Necessary and sufficient condition for constructing a single qudit insertion/deletion code and its decoding algorithm
Taro Shibayama
TL;DR
This work extends the Knill-Laflamme condition to quantum errors that change the particle count, showing that single deletion and single insertion errors share the same correctability criteria. It develops a recovery framework for non-square Kraus operators and proves the KL condition remains the key criterion in this broader setting. Two parallel, necessary-and-sufficient condition sets are derived: (C^{del}) for single deletion and (C^{ins}) for single insertion errors, and these are shown to be equivalent. The authors present a concrete 6-qudit, l=3 insertion/deletion code with explicit decoding procedures based on a Gram-Schmidt basis and measurement-driven corrections, illustrating both deletion and insertion correction in a non-binary setting and enabling practical construction of non-binary insertion/deletion codes.
Abstract
This paper shows that Knill-Laflamme condition, known as a necessary and sufficient condition for quantum error-correction, can be applied to quantum errors where the number of particles changes before and after the error.

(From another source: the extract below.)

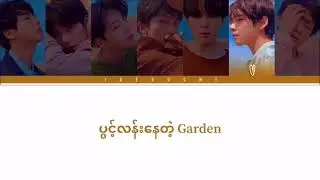 The Truth Untold | BTS | mm sub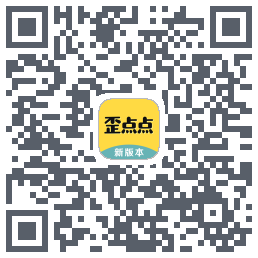 歪点点 QRcode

This fact shows that correctabilities of single deletion errors and single insertion errors are equivalent. By applying Knill-Laflamme condition, we generalize the previously known correction conditions for single insertion and deletion errors to necessary and sufficient level. By giving an example that satisfies this condition, we construct a new single qudit insertion/deletion code and explain its decoding algorithm.